In one chapter he takes on our Gospel reading for today. And, I’m going to quote him directly just so you’ll know I’m not making this stuff up! Doug writes: “About a year ago, I Flipped a story of the widow who gave all she had. At my church, Solomon’s Porch, we use an open discussion group on Tuesdays to put together the sermon for the following Sunday”.

“We are reading this story, and I was telling the group how I had used it at retreats. A man who was visiting had joined us for the evening. When I finished talking, he said, ‘I think you have that story totally wrong.’ As he explained himself, I knew he was right.”

“He suggested that Jesus wasn’t using this woman as an exemplar of faith. Instead Jesus was pointing her out as a victim of the temple’s requirements. Because this was a Temple tax, not a freewill offering! Jesus wasn’t saying, ‘Be like this woman.’ He was saying, ‘Be careful or you will be like this woman. The system will leave you penniless and broke. It will take all you have and leave you with nothing to live on.’ It was as if he were saying, ‘For the rich, this system works fine. But for those who have given all they have, they end up with nothing.’”

“This guy pointed out the verses that preceded this story.  Jesus was in the temple issuing warnings: ‘Watch out for the legal experts. They like to walk around in long robes. They want to be greeted with honor in the markets. They long for places of honor in the synagogues and at banquets. They are the ones who cheat widows out of their homes, and to show off they say long prayers.’ Then a widow came along and proved Jesus’ point!” (Flipped, by Doug Pagitt, Chapter 6)

And the verses which follow directly after this passage strengthen the argument, “As he came out of the temple, one of his disciples said to him ‘Look, Teacher, what large stones and what large buildings?’ Then Jesus asked him, ‘Do you see these buildings? Not one stone will be left upon another; all will be thrown down.” (Mark 13:1-2) Those verses, and the warning about the scribes, form the bookends to the story of the widow who gave to the Temple treasury “all she had to live on.” Interesting!

Now, I’m not here this morning to convince you to throw out the traditional interpretation of this passage, the way most of us grew up understanding it. I am here to suggest that sometimes “breaking open the Word of God” with a group, or even by regular Bible study yourself, can reveal some surprising things.
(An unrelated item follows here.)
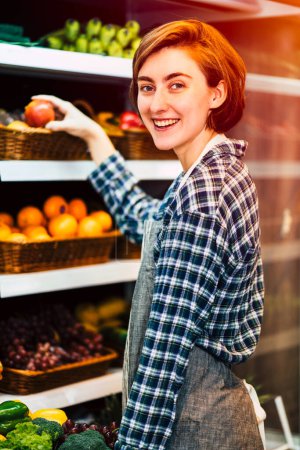 Foto de Candid Lifestyle joven hermosa mujer eligiendo fruta fresca en el estante en el supermercado. Joven hembra sin máscara en minimart. - Imagen libre de derechos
I’m here to suggest that interpretation from “below,” from the grass roots, from faithful people just like this guy who visited Doug Pagitt’s Bible Study can revolutionize our understanding of Scripture! Catholic Christians in the “base communities” of Latin America have been telling us this for decades! These poor people, meeting in small Bible study groups in which they apply the plain reading of Scripture to the oppressive situations in which they live, gave birth to Liberation Theology which applies to so many in our world today.
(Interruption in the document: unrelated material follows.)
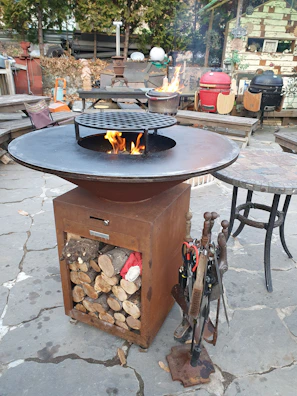 A clean and ready-to-use fire pit with accessories neatly arranged on a patio.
I’ve been reading the Bible daily for just under fifty years! Following the lectionary I read several Psalms and a couple of chapters of Scripture each day. I am constantly surprised at how, paying attention to the context of the passages, learning something about the historical situation in which they were first written, and applying them to real-life situations we face today can “blow us away” with fresh insight and new interpretations.

Our Jewish sisters and brothers know this so well which is why they engage in Torah study and argue endlessly about the meaning of each verse and each word as they seek to apply ancient wisdom to the world in which we live. The Book of Hebrews says, “…the word of God is living and active, sharper than any two edged sword, piercing until it divides soul from spirit, joints from marrow; it is able to judge the thoughts and intentions of the heart.” (Hebrews 4:12-13)
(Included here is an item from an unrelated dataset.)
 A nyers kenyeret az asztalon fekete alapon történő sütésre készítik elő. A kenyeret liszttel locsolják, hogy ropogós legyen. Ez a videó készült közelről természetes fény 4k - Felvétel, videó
Reading the Bible every day sheds light on the thoughts and intentions of my heart most every morning and evening. So, whether you understand the widow in today’s Gospel as exemplar or victim, do know that Jesus was no fan of the religious establishment of his day. He was a faithful and practicing Jew, but – like the prophets before him – he spent a lot of his time criticizing the chief priests and the Temple hierarchy.

He knew that God does not live in a temple made with hands and that, while religion is an essential part of life, we must be constantly vigilant that it is not misused to lay heavy burdens on people and manipulate them through threats of hellfire and brimstone or fear of God’s judgment, or ecclesiastical rules and regulations.  For:

“Truly I tell you, this poor widow has put in more than all those who are contributing to the treasury. For all of them have contributed out of their abundance, but she out of her poverty has put in everything she had…all she had to live on!”

And perhaps, just perhaps… that’s NOT what God had in mind…after all!

 

 

From Where Is Our Help To Come: A Vigil

October 31, 2018

“I lift up my eyes to the hills; from where is my help to come?” This verse from Psalm 121 formed the text for a powerful reflection by a young rabbi, the first woman to head an historic Iowa City synagogue, as she spoke to some 250 of us gathered for a vigil on the University of Iowa campus. We were there to remember 11 faithful Jews slaughtered at their worship in Pittsburgh and 2 African Americans gunned down at a convenience store in Louisville.

“I lift up my eyes to the hills; from where is my help to come?” she said again. “Jews and African Americans need help in this country today, my brothers and sisters. Where is our help to come from?” She knew perfectly well that the next line in the psalm is “My help comes from the Lord, the maker of heaven and earth.”

But, as a line from the contemporary song she led us in at the close of the service reminds us: if God is to build this world in love, WE must build this world in love. We are the hands and feet of the Holy One in this time and in this place.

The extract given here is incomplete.